社説 南スーダン陸自撤収 派遣の判断検証尽くせ

 難しい決断だったのは間違いない。だが、なぜ今だったのだろうか。疑念が晴れない。

 南スーダン国連平和維持活動(PKO)に派遣している陸上自衛隊を、政府は5月末をめどに撤収させる方針を決めた。国連職員たちが武装集団に襲われた時、武器を持って助けに行く新しい任務「駆け付け警護」を付与して4カ月。突然の政策変更である。

 政府は判断理由について、首都ジュバでの施設整備に「一定の区切りを付けることができる」「治安の悪化によるものではない」と強調している。果たして、どれだけの人が言葉通りに受け取るだろう。

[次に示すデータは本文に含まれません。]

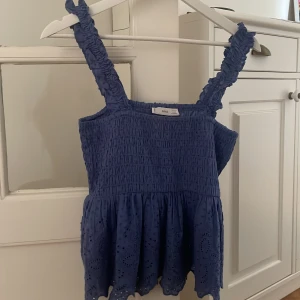 Linne - Säljer detta blåa linne från mango helt oanvänt!💕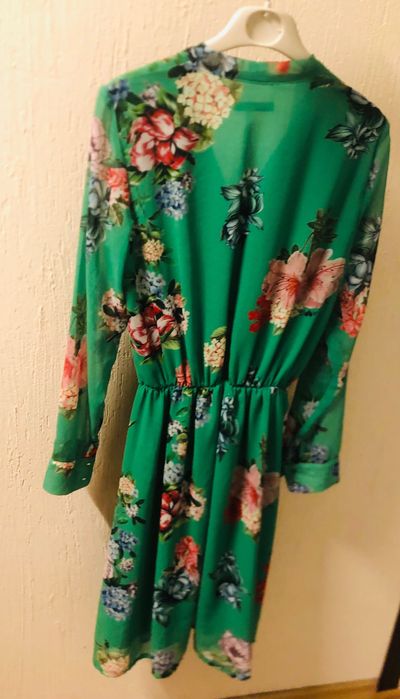 Елегантна дамска рокля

 南スーダンでは一昨年8月に和平協定が調印されたものの、事実上の内戦が再燃している。ジュバでは昨年7月、270人以上が死亡する大規模な武力衝突も起きた。国連難民高等弁務官事務所(UNHCR)は先月、戦闘の全土拡大で治安が悪化し、難民は150万人を超えたと発表している。

 そうした情勢に、紛争当事者間の停戦合意などが柱のPKO参加5原則は守られているのか、と今国会でも野党から質問が相次いでいる。唐突な撤収方針が、派遣判断の是非を巡る追及をけむに巻くためだとしたら看過できない。

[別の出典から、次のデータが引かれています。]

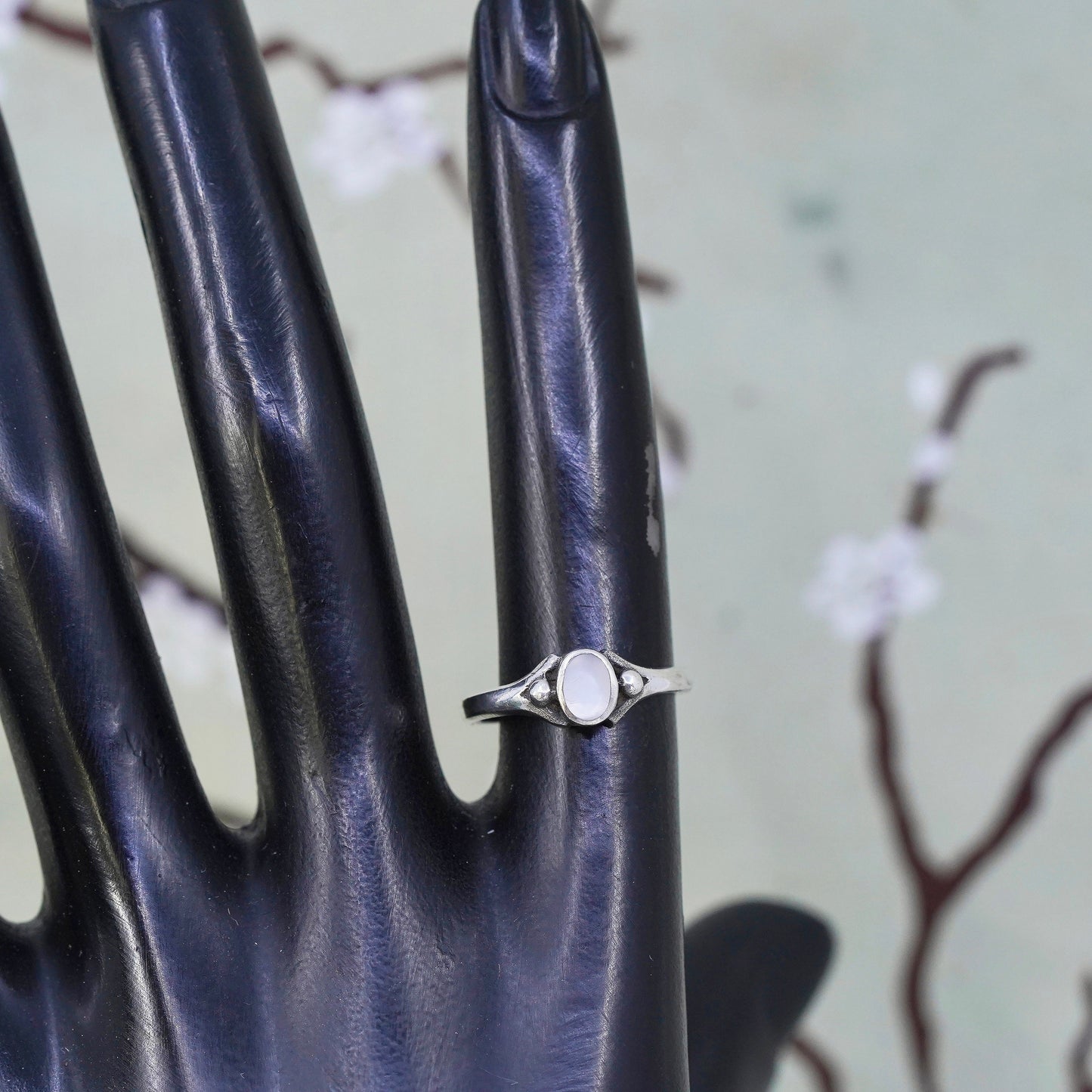 Size 6, Vintage sterling 925 silver handmade ring with oval mother of pearl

 すんなりと政府の弁を受け入れられないのには伏線がある。現地派遣部隊が作成した「日報」の問題である。

 防衛省が「廃棄した」としていた日報が見つかった上、ジュバで「戦闘」があったと記述されていたことが明らかになった。にもかかわらず、稲田朋美防衛相は「法的用語としての戦闘行為ではない」などと奇怪な弁明をして、「戦闘」とは認めようとしなかった。

 不穏さを増す現地情勢を政府が知らなかったはずはない。事実、派遣延長や新任務の駆け付け警護を検討していた昨年9月、すでに撤収も含めた検討に入っていたという。なぜ、その段階で撤収を決断できなかったのだろうか。

 これまでのところ、派遣部隊が駆け付け警護などを余儀なくされる事態が起きていないのは幸いといえる。とはいえ、新任務の付与から約4カ月での撤収決定とは何だったのか。安全保障関連法の実績を作るための先延ばしが狙いで、「派遣ありき」が前提だったのでは―と疑われても仕方あるまい。

 現地の不安定な情勢を鑑みると、これ以上派遣が長引けば、不測の事態も予想された。万が一、自衛隊員の命が失われるようなことがあれば、政権を揺るがしかねない。それを回避したい意向も、安倍晋三首相の決断には働いただろう。

 撤収を決めたとはいえ、派遣部隊の任務はまだ2カ月余り残っている。戦闘に巻き込まれる恐れが拭えない。駆け付け警護の任務はこの際、保留とすべきではないか。  派遣延長と新任務付与の判断が正しかったのか、国会などで徹底検証をする必要がある。それには、正確な情報と判断した経緯の開示が欠かせない。

 近年のPKOは市民を保護する任務が主体となり、武器使用の局面を迫られる可能性も指摘される。非戦を誓った国に恥じない国際貢献の在り方を再検討する契機とすべきである。